One Congo Warlord Arrested, Others Off the Hook, in
Uganda and Sudan, ICC Silent on Kenya
Byline: Matthew Russell Lee of Inner City Press at
the UN: News Analysis
UNITED NATIONS, February 7 -- The International
Criminal Court's registrar Bruno Catala spoke at the UN on Thursday, bragging
about the ICC's arrest of Congolese warlord Mathieu Ngudjolo Chui, identified as
a former leader of the National Integrationist Front (FNI), for war crimes.
Inner City Press asked Catala why it took the ICC eight months from indictment
until arrest, if the delay involved any negotiations with the Congolese
government. Catala responded that the ICC does not negotiate. He responded
similarly when asked about the immunity deal given to rebel general Laurent
Nkunda in the Kivus in the DR Congo -- the ICC was not part of the negotiation
of that immunity which, Catala claims, did not include war crimes or other ICC-relevant
crimes.
Catala quoted the ICC's deputy prosecutor
Fatou Bensouda
that the ICC's phase of investigation in Ituri is now over, and it will turn its
attention to the Kivus. But Ngudjolo's co-warlord
Peter Karim is still in the Congolese Army,
despite additionally having kidnapped and killed UN peacekeepers. Since Karim
ultimately released some of the peacekeepers, it appears that he got some deal,
that Ngudjolo has been indicted and arrested, but not Karim.

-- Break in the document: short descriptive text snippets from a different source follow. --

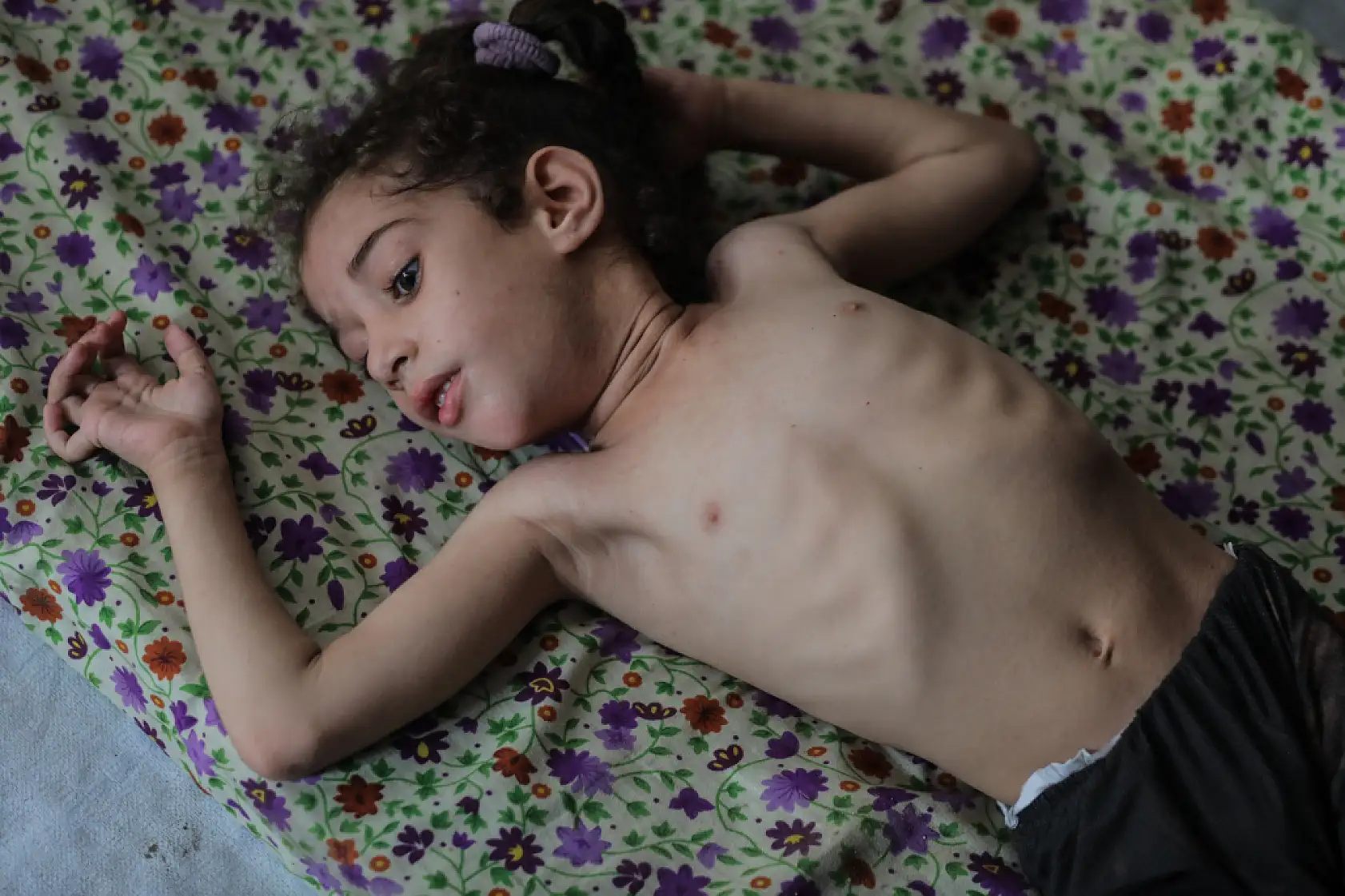 5 yaşındaki Dalya, oksijen eksikliği ve yetersiz beslenme sorunuyla mücadele ediyor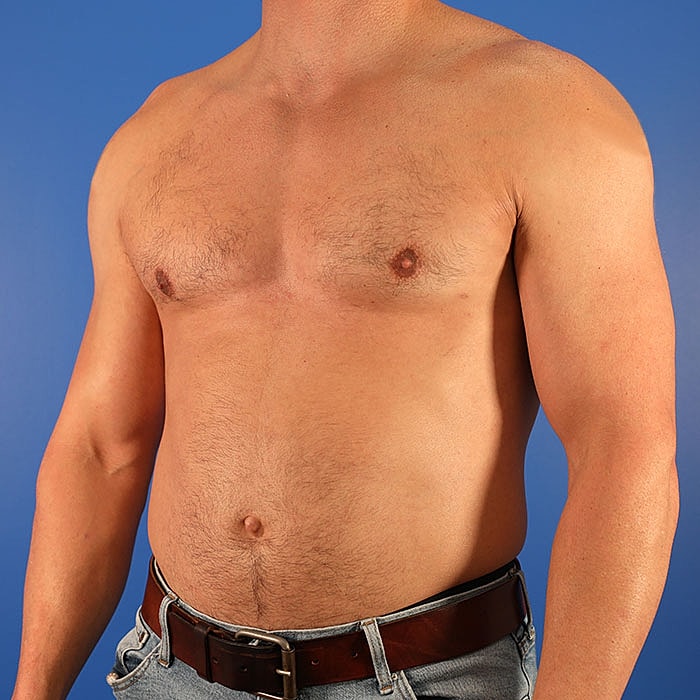 Gynecomastia Before & After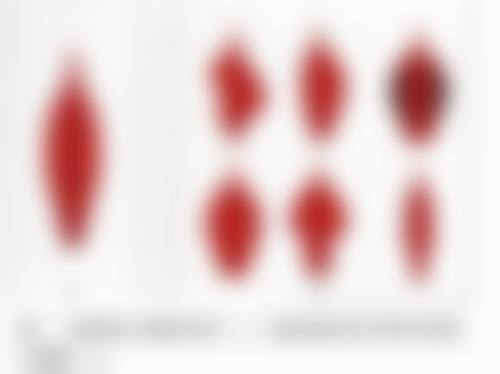 杭州瑞丽天鸽整形外科门诊部特色项目怎么样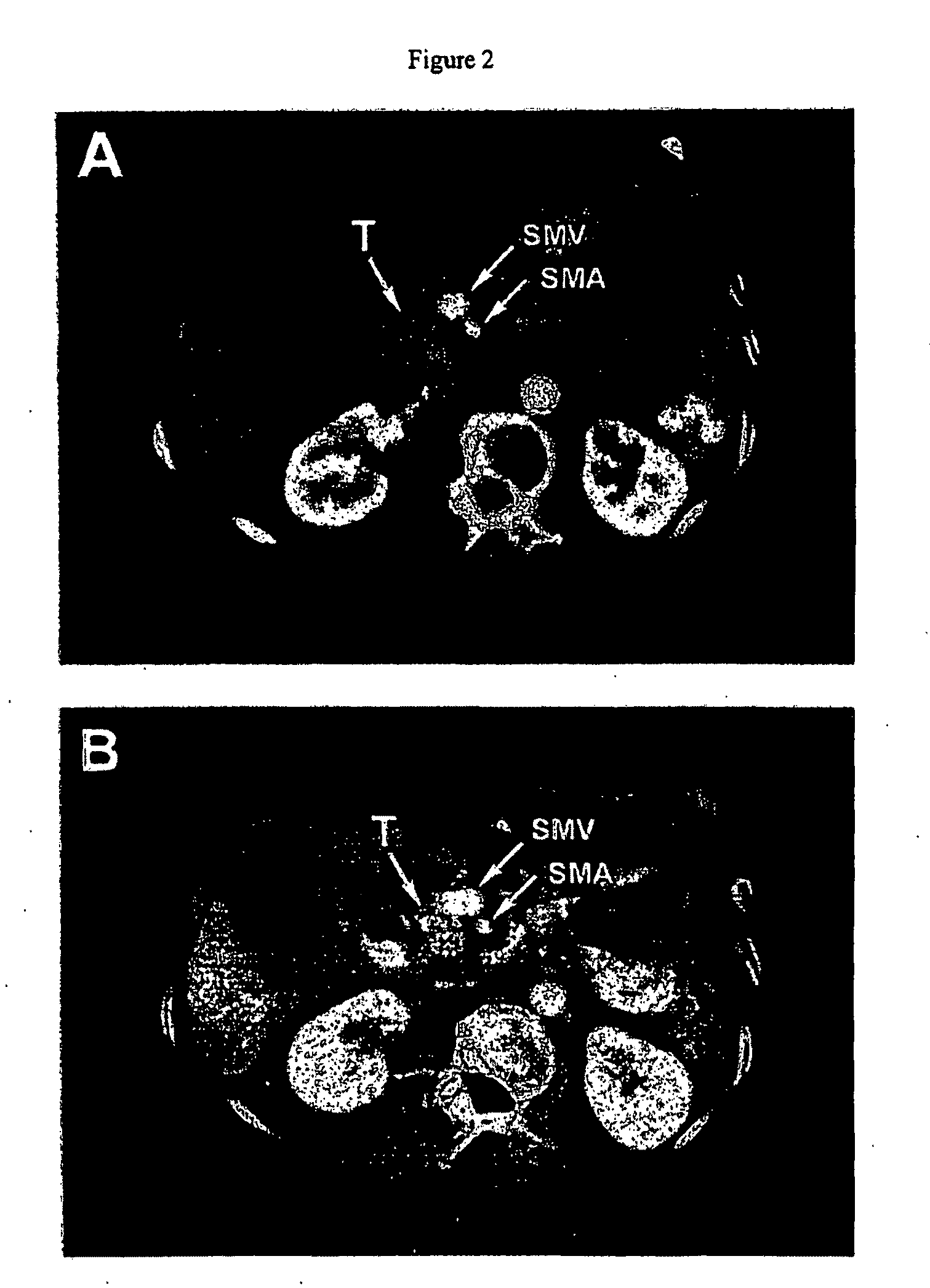 Pathotropic targeted gene delivery system for cancer and other disorders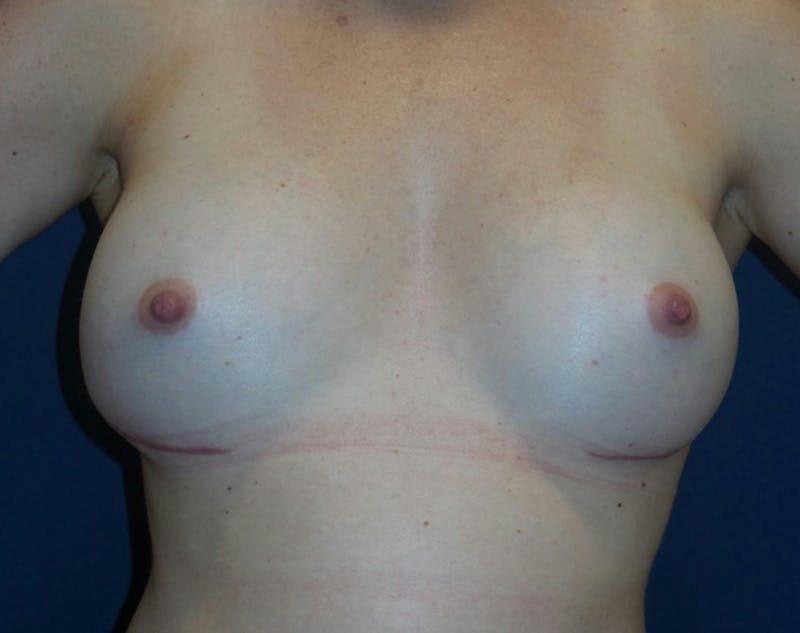 Breast Revision by Dr. Haydon Before & After Gallery - Patient 55709061 - Image 2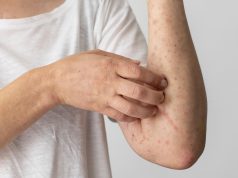 7 Cara Efektif Basmi Tungau di Rumah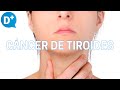 Cáncer de tiroides: Qué es, por qué se produce y cómo se trata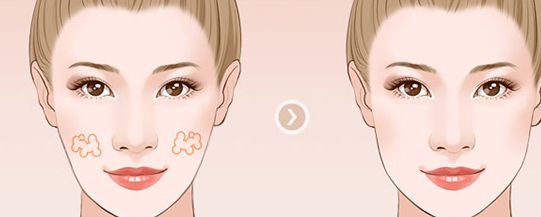 濟南整形醫(yī)院推薦：權威醫(yī)院排名及口碑比較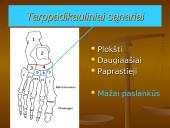 Pėdos kompleksas 7 puslapis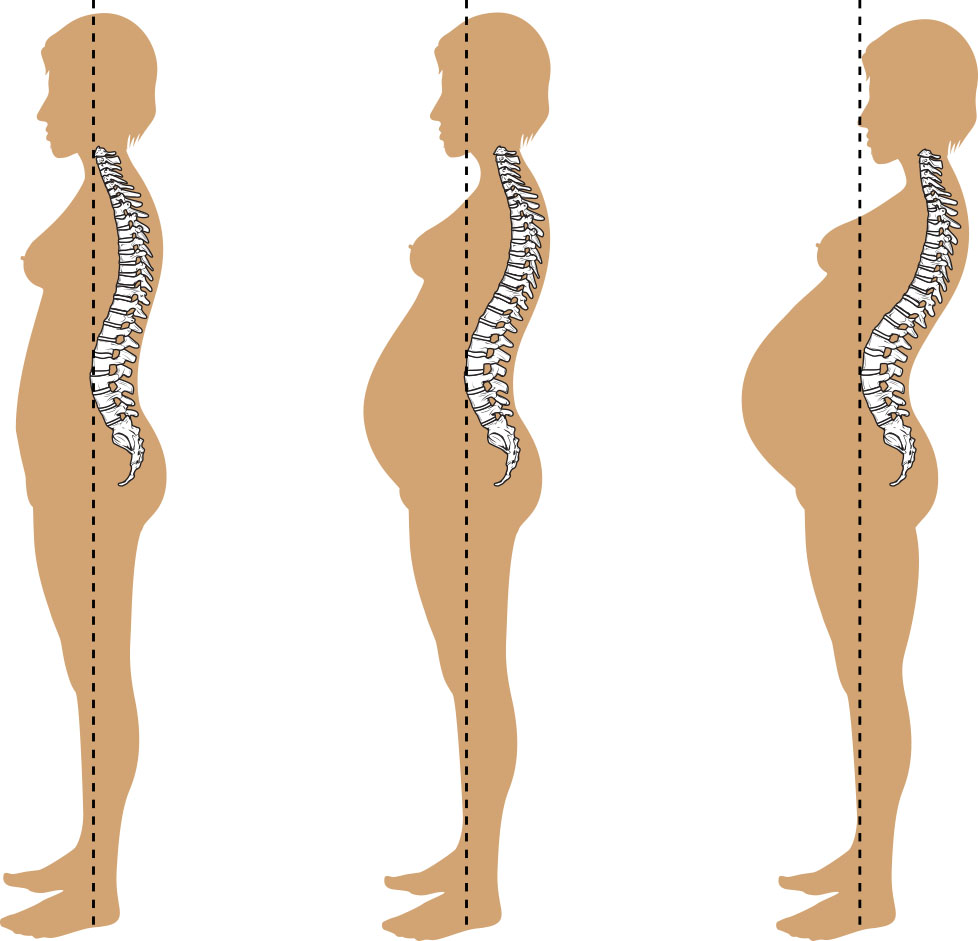 Illustration showing lordosis during pregnancy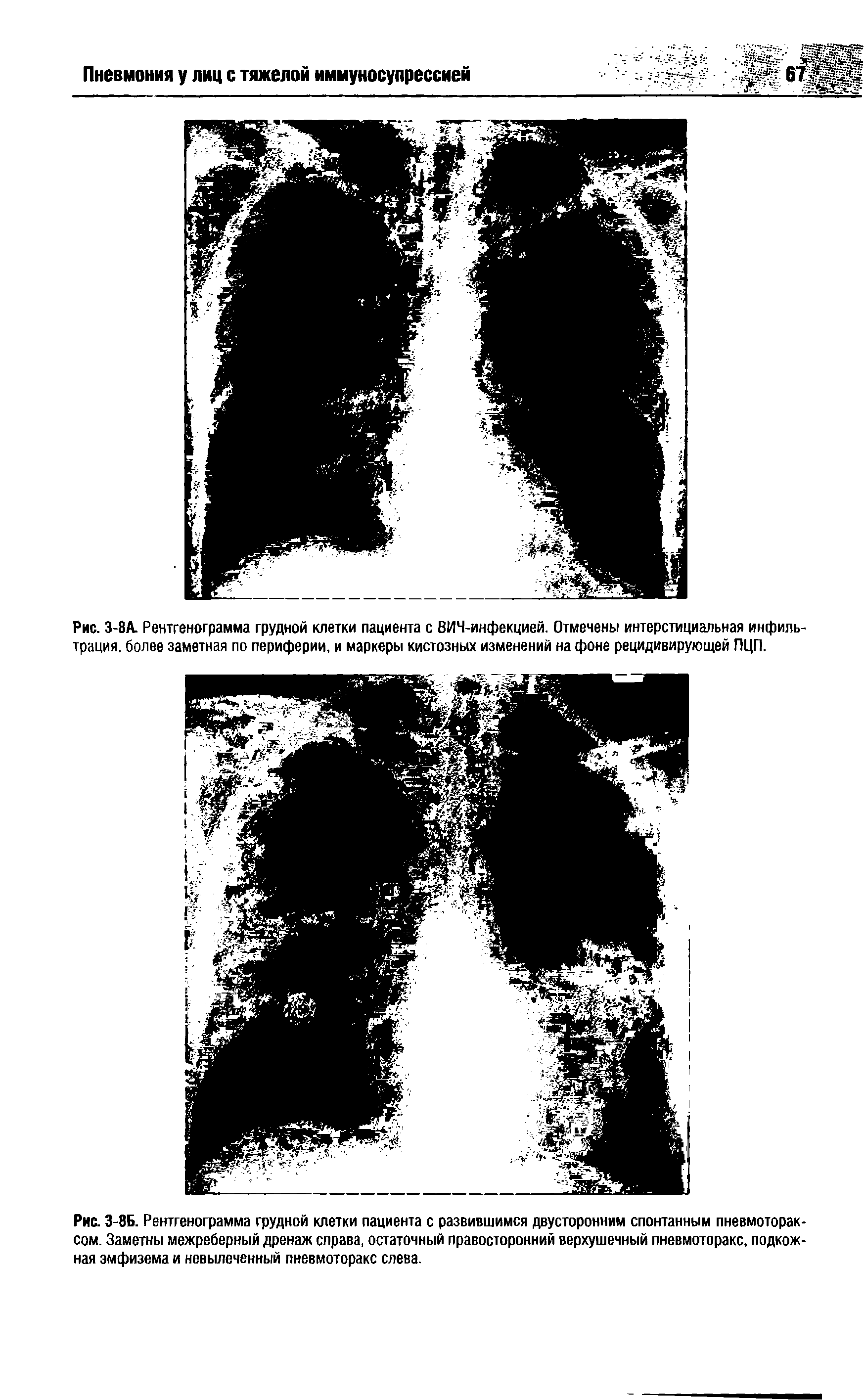 Рис. 3-8Б. Рентгенограмма грудной клетки пациента с развившимся двусторонним спонтанным пневмотораксом. Заметны межреберный дренаж справа, остаточный правосторонний верхушечный пневмоторакс, подкожная эмфизема и невыпеченный пневмоторакс слева.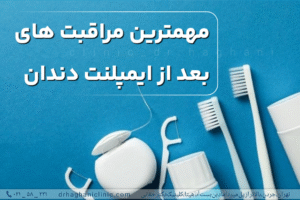 مهمترین مراقبت های بعد از ایمپلنت دندان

ICC indicts some but not other
warlords
Another pending deal,
pushed by U.S. envoys Tim Shortly and
Makita James, would have the
LRA indictees turn themselves over to national justice in Uganda, thus
sidestepping the ICC. Catala called the continued freedom of the LRA indictees
"not a good example."
Catala said the ICC cannot confirm that
Lord's Resistance Army indictee Vincent Otti is dead, even though that has been
confirmed by South Sudan's Riek Machar. Nor would he confirm that the ICC
has received a complaint from Raila Odinga's ODM in Kenya. He said that attempts
continue to arrest the two Sudanese indictees. Whether and how the UN
Secretariat is actually raising that issue to Sudan is not clear. But the day's
arrest are worth noting, for international criminal justice.
* * *
These reports are also available through
Google News and on Lexis-Nexis.
Click
here for a
Reuters
AlertNet piece by this correspondent about Uganda's Lord's Resistance Army.
Click
here
for an earlier
Reuters AlertNet
piece about the Somali National Reconciliation Congress, and the UN's
$200,000 contribution from an undefined trust fund.
Video
Analysis here
Because a number of Inner City Press'
UN sources go out of their way to express commitment to serving the poor, and
while it should be unnecessary, Inner City Press is compelled to conclude this
installment in a necessarily-ongoing series by saluting the stated goals of the
UN agencies and many of their staff. Keep those cards, letters and emails
coming, and phone calls too, we apologize for any phone tag, but please continue
trying, and keep the information flowing.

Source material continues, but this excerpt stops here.